▸ **Requirement**:
For this exercise, copy each line of the records that contains the word "window".

▸ **Exercise data**:
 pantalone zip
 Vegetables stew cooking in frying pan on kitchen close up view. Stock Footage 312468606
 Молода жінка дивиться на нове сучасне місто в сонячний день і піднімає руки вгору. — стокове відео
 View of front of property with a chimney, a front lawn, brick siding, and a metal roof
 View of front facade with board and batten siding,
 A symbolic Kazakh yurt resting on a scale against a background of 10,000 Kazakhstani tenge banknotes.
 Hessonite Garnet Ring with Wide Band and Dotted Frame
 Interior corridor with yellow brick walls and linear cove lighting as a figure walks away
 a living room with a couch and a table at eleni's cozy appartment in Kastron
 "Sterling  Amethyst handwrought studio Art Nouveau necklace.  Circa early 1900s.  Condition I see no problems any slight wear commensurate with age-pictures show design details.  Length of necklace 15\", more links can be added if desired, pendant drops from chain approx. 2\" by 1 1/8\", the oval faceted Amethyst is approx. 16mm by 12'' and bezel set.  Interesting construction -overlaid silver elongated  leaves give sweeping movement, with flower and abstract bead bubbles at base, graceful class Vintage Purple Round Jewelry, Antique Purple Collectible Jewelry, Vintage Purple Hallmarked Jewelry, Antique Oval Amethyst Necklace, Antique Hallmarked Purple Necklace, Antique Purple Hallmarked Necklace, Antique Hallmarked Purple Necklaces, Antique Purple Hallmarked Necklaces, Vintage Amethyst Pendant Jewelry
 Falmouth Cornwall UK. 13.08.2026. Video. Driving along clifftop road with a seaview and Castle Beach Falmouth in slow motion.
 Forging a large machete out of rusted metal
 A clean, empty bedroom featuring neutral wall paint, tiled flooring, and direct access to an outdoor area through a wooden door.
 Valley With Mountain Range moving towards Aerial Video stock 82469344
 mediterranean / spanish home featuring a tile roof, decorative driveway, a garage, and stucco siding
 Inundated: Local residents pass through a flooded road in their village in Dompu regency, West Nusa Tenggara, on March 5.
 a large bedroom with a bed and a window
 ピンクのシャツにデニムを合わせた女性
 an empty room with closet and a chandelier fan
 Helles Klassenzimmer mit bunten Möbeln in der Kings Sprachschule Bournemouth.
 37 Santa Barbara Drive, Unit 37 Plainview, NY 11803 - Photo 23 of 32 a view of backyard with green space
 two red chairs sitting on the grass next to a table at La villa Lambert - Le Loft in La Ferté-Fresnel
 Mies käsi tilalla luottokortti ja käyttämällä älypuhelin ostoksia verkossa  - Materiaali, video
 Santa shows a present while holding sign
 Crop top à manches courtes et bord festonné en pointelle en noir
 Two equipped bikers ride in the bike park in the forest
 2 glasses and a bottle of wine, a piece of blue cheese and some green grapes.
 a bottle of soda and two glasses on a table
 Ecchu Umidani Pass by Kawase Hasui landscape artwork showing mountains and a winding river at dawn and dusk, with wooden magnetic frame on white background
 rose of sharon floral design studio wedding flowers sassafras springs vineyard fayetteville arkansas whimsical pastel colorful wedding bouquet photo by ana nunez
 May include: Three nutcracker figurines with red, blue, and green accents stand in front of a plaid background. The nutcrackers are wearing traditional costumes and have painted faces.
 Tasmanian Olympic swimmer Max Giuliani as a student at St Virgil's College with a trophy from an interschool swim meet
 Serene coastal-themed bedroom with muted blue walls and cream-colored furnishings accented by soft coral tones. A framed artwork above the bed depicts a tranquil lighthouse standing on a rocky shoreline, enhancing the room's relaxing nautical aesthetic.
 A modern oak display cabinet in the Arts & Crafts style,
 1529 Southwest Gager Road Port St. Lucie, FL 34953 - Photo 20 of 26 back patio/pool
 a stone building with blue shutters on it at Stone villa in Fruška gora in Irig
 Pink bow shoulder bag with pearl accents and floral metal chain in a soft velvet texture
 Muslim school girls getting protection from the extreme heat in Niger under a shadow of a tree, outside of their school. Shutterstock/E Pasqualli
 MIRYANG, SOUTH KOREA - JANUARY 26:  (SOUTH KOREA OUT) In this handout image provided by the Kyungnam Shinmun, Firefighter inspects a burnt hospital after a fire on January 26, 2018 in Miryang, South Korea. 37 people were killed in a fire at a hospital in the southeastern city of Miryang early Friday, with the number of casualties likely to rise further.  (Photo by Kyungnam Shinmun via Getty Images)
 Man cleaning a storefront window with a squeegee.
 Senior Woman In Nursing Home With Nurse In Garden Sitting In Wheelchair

▸ **Answer**:
 a large bedroom with a bed and a window
 Man cleaning a storefront window with a squeegee.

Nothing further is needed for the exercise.